Lokale gotowe obsłużyć pracowników stanowiły jednak mniejszość. Tylko (lub aż) około 30 proc. z nich było gotowych do zorganizowania „zawodów”. Większość menedżerów i właścicieli przypomniało mi, że przecież obowiązują ograniczenia i „nic z tego, choć też byśmy bardzo chcieli”.

– Mimo wszystko, gra niewarta świeczki – podsumował menadżer restauracji z kuchnią francuską, którego próbowałam przekonać do organizacji zawodów do mojego 30-osobowego zespołu pracowników.

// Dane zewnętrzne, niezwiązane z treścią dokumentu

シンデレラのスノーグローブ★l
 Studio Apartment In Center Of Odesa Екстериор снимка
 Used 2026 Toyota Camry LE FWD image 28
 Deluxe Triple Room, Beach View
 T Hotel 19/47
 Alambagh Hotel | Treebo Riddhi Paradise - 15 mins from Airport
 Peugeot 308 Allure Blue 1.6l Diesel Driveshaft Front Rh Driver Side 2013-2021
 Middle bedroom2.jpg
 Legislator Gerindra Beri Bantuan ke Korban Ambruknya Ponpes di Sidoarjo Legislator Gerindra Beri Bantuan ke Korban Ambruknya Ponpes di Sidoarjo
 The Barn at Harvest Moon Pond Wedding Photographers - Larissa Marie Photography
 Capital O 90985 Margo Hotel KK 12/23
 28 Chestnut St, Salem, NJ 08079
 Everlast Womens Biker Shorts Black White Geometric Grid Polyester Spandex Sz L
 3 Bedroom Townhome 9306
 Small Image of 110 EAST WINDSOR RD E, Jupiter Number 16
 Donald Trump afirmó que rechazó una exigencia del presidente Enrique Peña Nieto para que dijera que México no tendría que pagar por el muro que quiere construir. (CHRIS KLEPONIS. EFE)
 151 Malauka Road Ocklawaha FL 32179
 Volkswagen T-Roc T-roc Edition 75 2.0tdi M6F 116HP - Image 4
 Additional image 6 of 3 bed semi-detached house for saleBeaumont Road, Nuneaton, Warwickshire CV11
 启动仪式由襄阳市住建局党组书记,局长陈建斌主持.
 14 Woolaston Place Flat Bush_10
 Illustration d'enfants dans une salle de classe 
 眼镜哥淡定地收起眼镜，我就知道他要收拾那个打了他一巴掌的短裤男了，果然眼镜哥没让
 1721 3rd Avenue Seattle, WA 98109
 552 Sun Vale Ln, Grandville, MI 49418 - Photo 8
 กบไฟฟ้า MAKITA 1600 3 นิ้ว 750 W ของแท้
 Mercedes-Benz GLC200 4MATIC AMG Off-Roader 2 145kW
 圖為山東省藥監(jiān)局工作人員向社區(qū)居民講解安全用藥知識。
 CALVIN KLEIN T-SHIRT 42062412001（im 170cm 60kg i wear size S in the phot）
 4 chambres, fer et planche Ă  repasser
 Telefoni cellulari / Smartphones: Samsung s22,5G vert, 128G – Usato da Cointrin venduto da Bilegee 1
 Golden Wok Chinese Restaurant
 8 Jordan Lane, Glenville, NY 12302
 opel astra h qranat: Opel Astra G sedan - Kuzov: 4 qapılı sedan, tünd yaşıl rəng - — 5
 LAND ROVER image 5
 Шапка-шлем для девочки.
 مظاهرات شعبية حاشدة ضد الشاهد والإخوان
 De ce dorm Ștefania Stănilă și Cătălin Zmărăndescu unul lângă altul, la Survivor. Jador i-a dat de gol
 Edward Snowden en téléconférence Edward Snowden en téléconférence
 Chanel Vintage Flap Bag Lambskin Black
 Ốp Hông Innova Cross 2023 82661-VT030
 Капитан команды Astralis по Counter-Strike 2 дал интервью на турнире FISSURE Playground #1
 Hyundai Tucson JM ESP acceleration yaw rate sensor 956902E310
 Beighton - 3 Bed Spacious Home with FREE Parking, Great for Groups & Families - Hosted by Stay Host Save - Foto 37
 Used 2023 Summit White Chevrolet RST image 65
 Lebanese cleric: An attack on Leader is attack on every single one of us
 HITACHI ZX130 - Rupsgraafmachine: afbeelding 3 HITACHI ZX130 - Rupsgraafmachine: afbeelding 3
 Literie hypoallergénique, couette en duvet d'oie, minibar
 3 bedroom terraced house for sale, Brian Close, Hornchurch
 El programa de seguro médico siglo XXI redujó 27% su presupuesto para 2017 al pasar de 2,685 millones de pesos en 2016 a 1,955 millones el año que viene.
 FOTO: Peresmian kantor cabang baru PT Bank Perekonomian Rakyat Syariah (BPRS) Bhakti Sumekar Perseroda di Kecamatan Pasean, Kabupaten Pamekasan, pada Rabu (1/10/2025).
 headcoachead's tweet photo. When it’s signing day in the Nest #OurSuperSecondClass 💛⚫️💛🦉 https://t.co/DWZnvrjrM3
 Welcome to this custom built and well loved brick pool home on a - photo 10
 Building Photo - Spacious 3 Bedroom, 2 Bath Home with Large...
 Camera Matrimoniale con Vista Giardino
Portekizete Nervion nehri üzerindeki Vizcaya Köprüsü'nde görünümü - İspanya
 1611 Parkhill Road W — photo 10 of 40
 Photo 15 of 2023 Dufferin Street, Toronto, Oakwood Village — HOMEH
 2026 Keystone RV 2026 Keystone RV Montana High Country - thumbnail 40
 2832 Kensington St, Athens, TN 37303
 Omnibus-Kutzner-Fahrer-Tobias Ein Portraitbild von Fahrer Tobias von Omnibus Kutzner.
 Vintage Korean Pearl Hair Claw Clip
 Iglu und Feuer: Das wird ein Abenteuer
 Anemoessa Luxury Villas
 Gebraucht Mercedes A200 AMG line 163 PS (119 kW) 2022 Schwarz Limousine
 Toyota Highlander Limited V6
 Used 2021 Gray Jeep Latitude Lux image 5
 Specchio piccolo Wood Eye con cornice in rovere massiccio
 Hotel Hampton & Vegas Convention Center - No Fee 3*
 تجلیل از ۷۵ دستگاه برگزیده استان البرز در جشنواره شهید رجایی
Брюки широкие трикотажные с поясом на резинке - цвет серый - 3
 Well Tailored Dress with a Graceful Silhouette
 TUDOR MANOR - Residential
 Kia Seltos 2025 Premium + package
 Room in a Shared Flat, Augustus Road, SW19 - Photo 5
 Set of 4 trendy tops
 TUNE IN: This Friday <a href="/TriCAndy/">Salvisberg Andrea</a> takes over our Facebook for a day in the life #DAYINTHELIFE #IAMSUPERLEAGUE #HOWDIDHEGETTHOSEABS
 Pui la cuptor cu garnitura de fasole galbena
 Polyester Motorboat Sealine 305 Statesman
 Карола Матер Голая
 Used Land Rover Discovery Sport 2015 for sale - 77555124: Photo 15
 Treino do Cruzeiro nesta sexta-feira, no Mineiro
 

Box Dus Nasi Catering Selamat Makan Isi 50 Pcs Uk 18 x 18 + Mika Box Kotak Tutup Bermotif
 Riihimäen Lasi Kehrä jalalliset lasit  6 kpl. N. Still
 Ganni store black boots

Rzecznik GIS: trudno będzie przekonać sąd, że to były zawody

Rzecznik Głównego Inspektoratu Sanitarnego Jan Bondar przyznał w rozmowie z money, że słyszał już o tylu sposobach na obejście przepisów (np. „zatrudnienie” gości w celu zrecenzowania dań), że kreatywność przedsiębiorców go nie dziwi. Przestrzega jednak przed samowolnym interpretowaniem przepisów.

– Przepisy są, wbrew pozorom, jasne. Spotkania mogą się odbywać w gronie do pięciu osób, a restaurator nie jest żadnym związkiem sportowym, który może organizować zawody. To, że ktoś wymyślił sobie jakąś konstrukcję i w jej myśl nagina przepisy, wcale nie oznacza, że jeśli sprawa trafi do sądu, to będzie on w stanie się wybronić – mówi Jan Bondar.

Dodaje, że choć rozumie trudną sytuację restauratorów, to przecież ograniczenia „nie są wprowadzone po to, by kogoś zniszczyć”, lecz po to, by spowolnić rozprzestrzenianie się wirusa.

– Za naruszanie przepisów inspektor może wymierzyć karę w przedziale od 10 do 30 tys. zł. Nawet jeśli zdecyduje się na środkową wartość, to i tak jest to kwota, której wielu przedsiębiorców może nie udźwignąć. Proponuję zastanowić się, czy ryzyko, które podejmują, organizując „zawody w bilardzie”, jest uzasadnione – apeluje do przedsiębiorców.